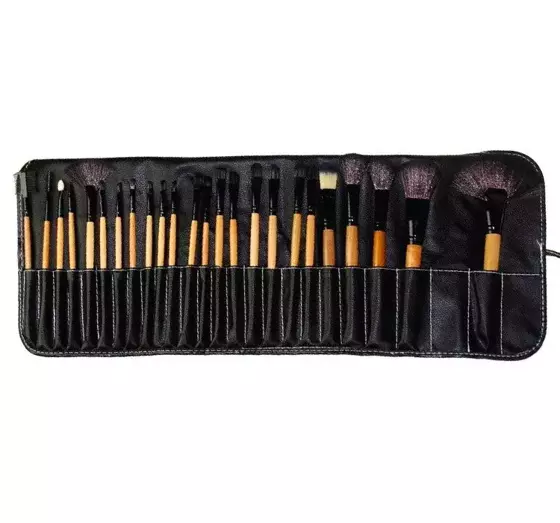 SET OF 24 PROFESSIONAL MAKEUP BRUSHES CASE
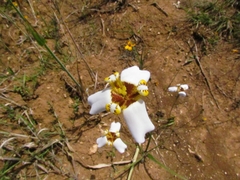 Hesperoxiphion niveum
...
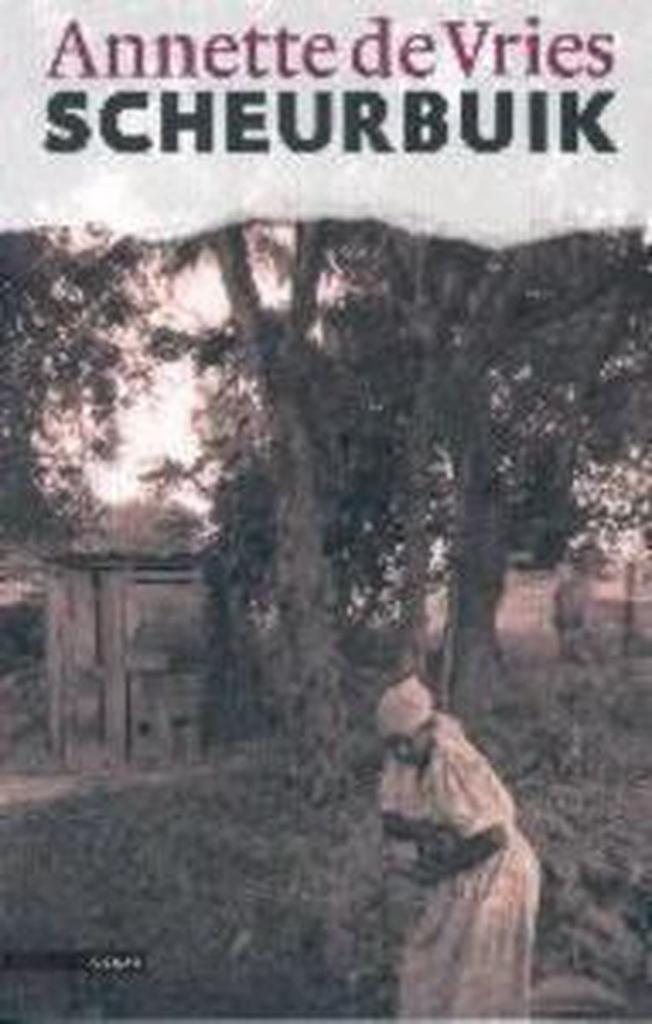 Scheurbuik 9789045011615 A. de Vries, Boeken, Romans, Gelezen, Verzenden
* * *
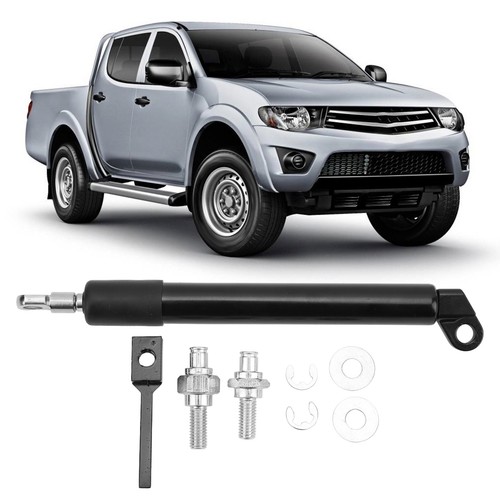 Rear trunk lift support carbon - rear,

▶ _TASK PROMPT_
Would you output only the span of the records above that opens with the line containing "SET OF 24 PROFESSIONAL MAKEUP BRUSHES CASE" and closes with the line containing "Hesperoxiphion niveum", ends included and pictures dropped?

▶ _OUTPUT OF THE EXERCISE_
 SET OF 24 PROFESSIONAL MAKEUP BRUSHES CASE
 Hesperoxiphion niveum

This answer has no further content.